What is corporate governance? Corporate governance is, "the framework of rules, relationships, systems and processes within and by which authority is exercised and controlled in corporations." It encompasses the mechanisms by which companies, and those in control, are held to account. 1 Corporate governance influences how the objectives of the company are set and achieved, how risk is monitored and assessed, and how performance is optimised.

Good corporate governance structures encourage companies to create value (through entrepreneurialism, innovation, development and exploration) and provide accountability and control systems commensurate with the risks involved.

How is good corporate governance achieved?

What constitutes good corporate governance will evolve in the light of the changing circumstances of a company and must be tailored to meet those circumstances. Good practice must also evolve in the context of developments both in Australia and overseas.

There is no single model of good corporate governance. This document articulates eight core principles that the ASX Corporate Governance Council believes underlie good corporate governance (each a Principle). Each Principle is explained in detail, with implementation guidance in the form of good practice recommendations (each a Recommendation).

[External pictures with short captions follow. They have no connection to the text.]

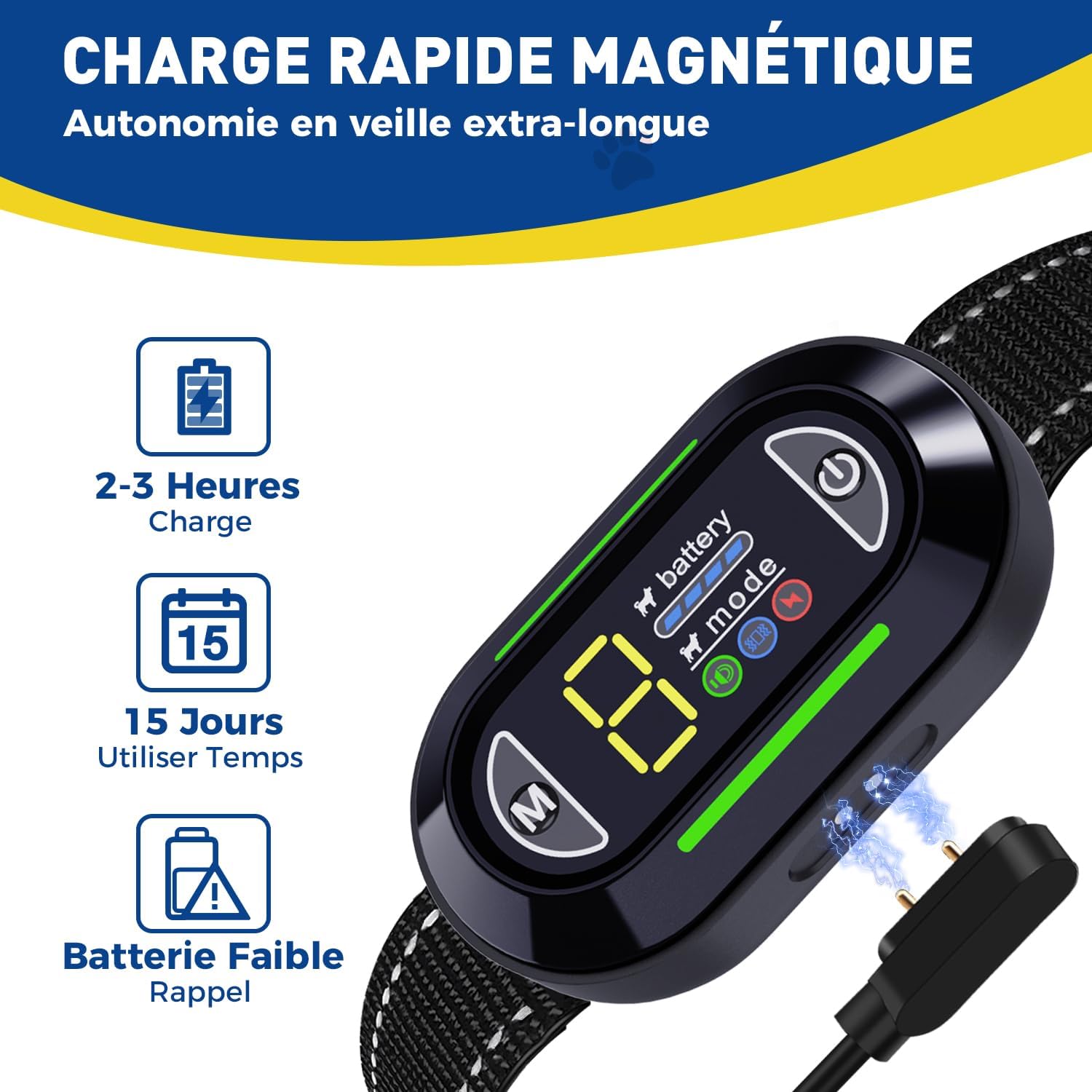 Collier anti aboiement efficace en extérieur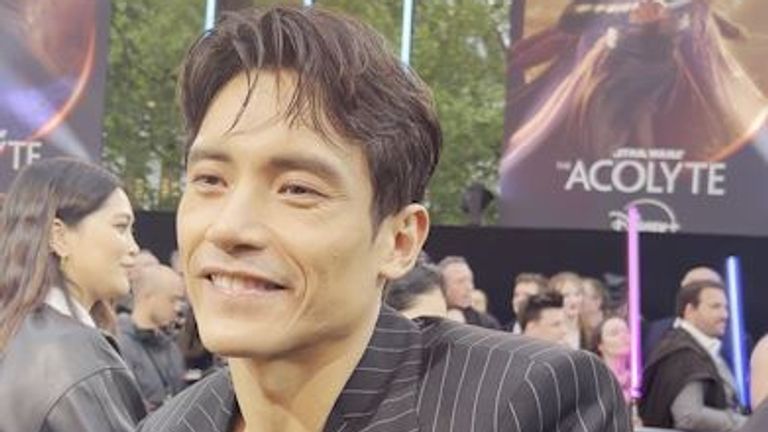 Manny Jacinto at the UK premiere of The Acolyte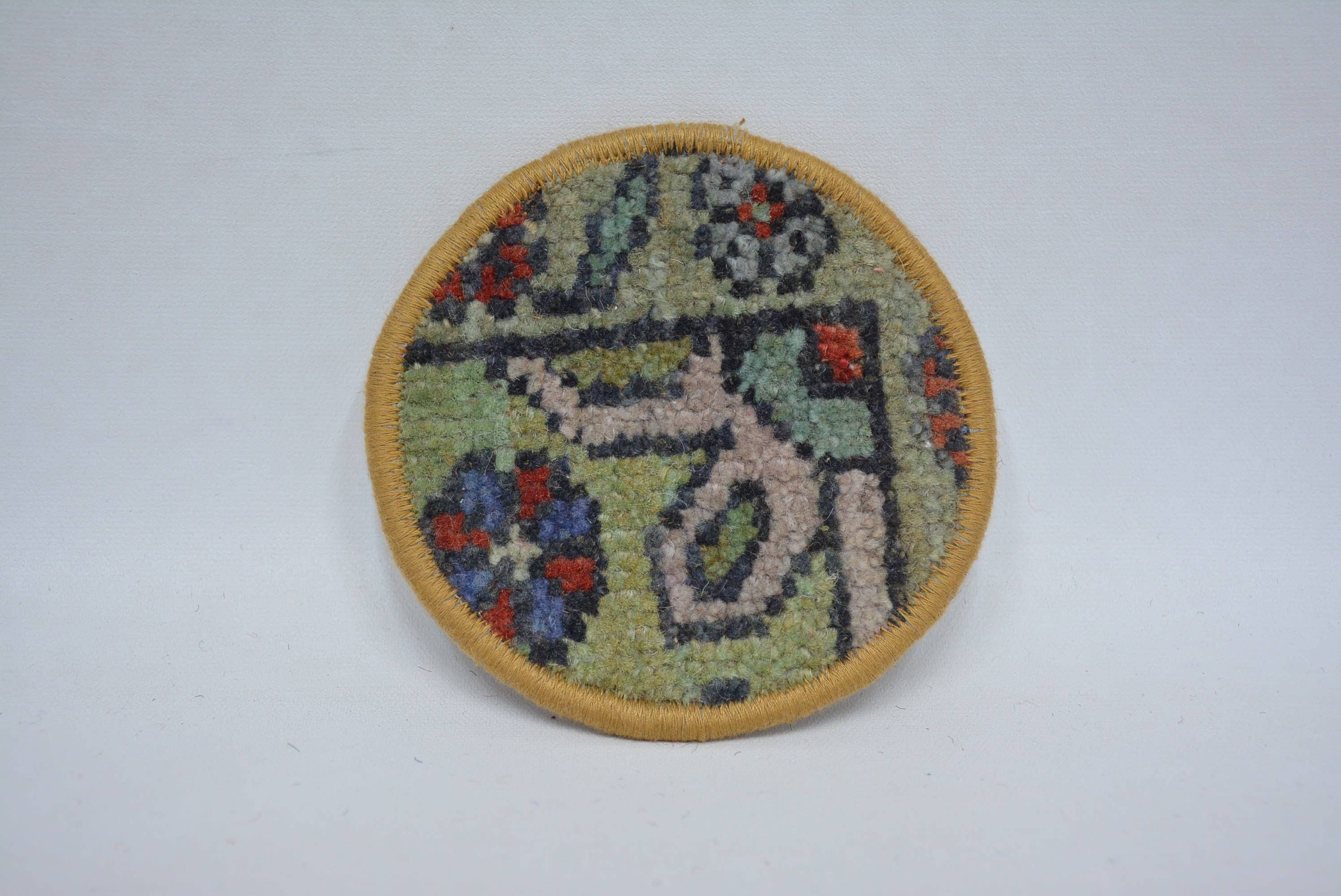 Ethnic Turkish Woven Rug Coaster Gift Set
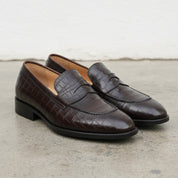 Handmade Moc-Toe Loafer Slip-On Full-Grain Leather Men’s Casual Shoes - 3-4-right-view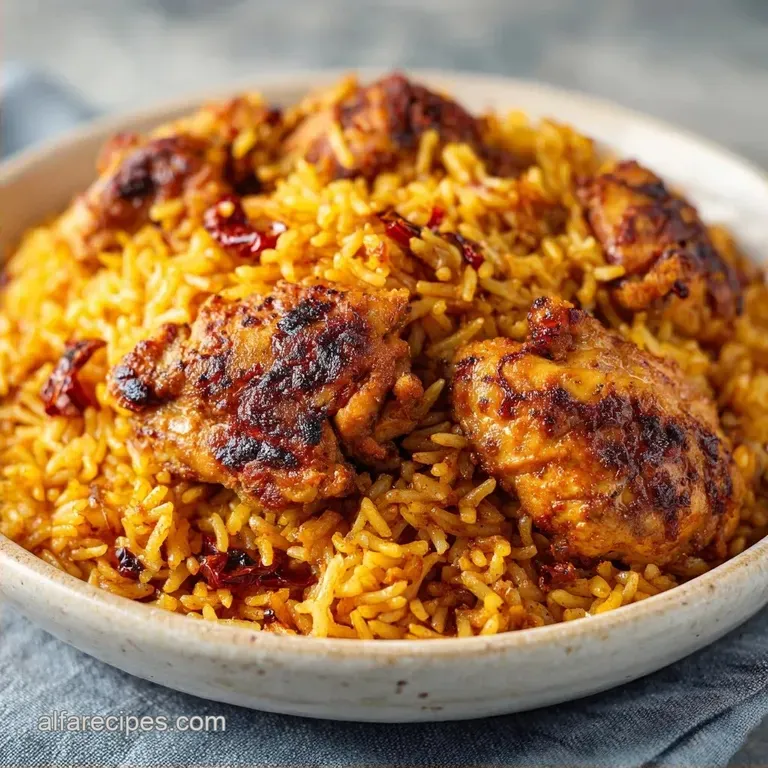 Easy Chicken Biryani Recipe: Fluffy and Tender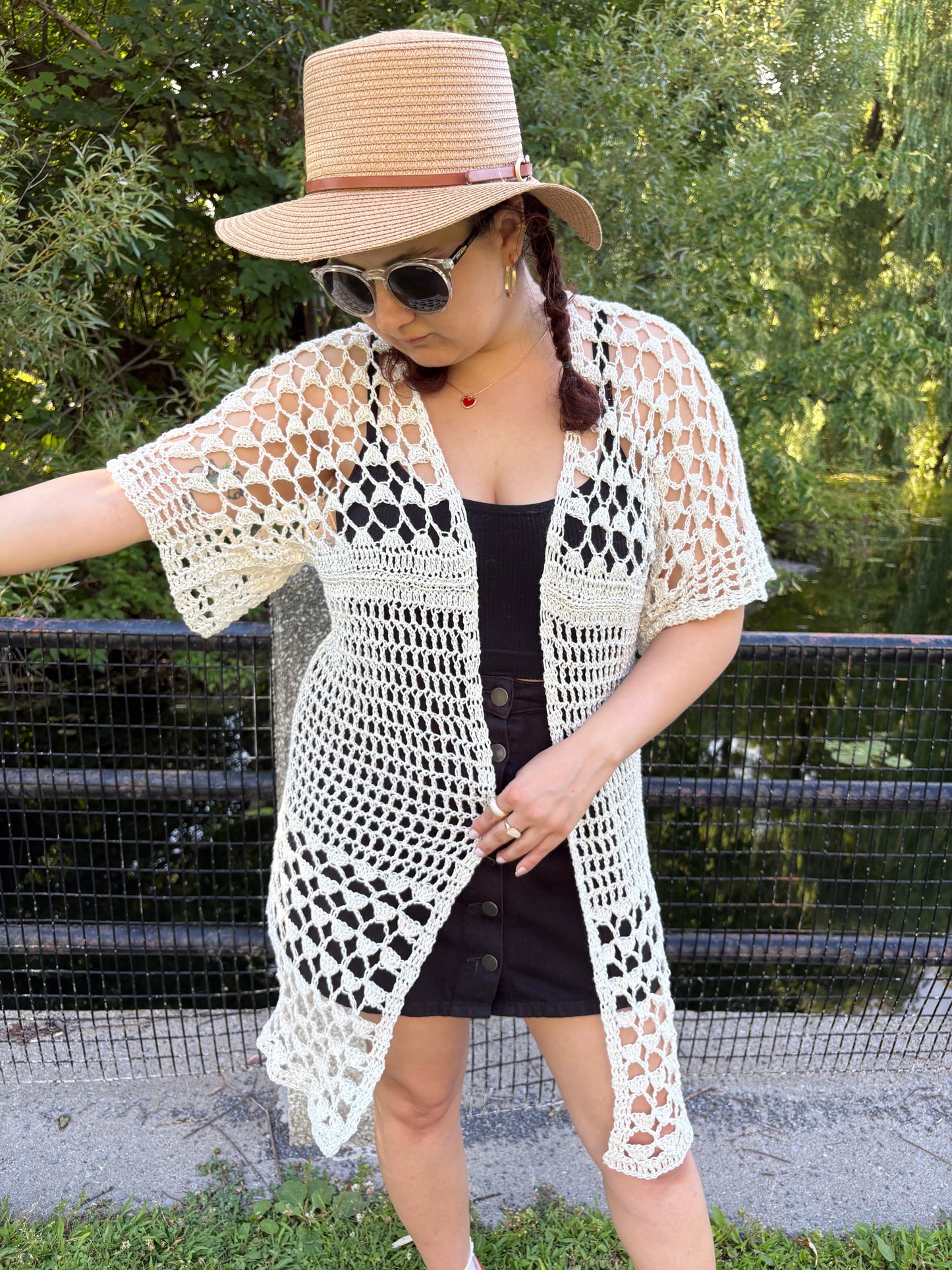 Stitch to Street: 8-piece Bundle | 8 Digital PDF Patterns | 3 Bog cardigans, 1 Bog vest, 1 relaxed-fit shirt, 1 kimono, 1 crochet bag,  1 Scrunchie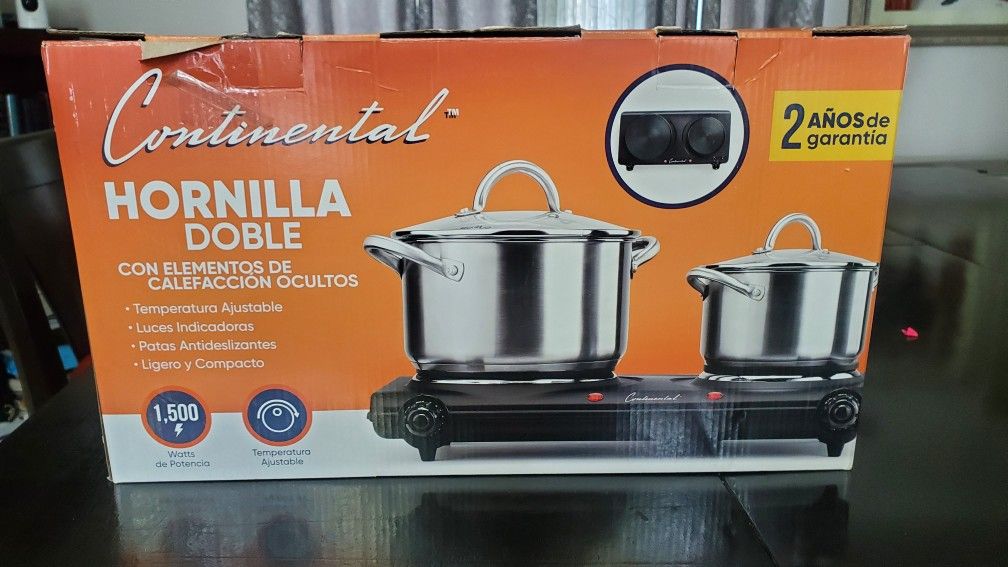 Double Burner Stove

The Council's Recommendations are not mandatory and cannot, in themselves, prevent corporate failure or poor corporate decision-making. They are intended to provide a reference point for enhanced structures to minimise problems and optimise performance and accountability.

The fundamentals

Fundamental to any corporate governance structure is establishing the roles of senior executives and the board (Principle 1), with a balance of skills, experience and independence on the board appropriate to the nature and extent of company operations (Principle 2). There is a basic need for integrity among those who can influence a company's strategy and financial performance, together with responsible and ethical decision-making which takes into account not only legal obligations but also the interests of stakeholders (Principle 3).

Meeting the information needs of a modern investment community is also paramount in terms of accountability and attracting capital. Presenting a company's financial and non-financial position requires processes that safeguard, both internally and externally, the integrity of company reporting (Principle 4), and provide a timely and balanced picture of all material matters (Principle 5). The rights of company owners, that is shareholders, need to be clearly recognised and upheld (Principle 6).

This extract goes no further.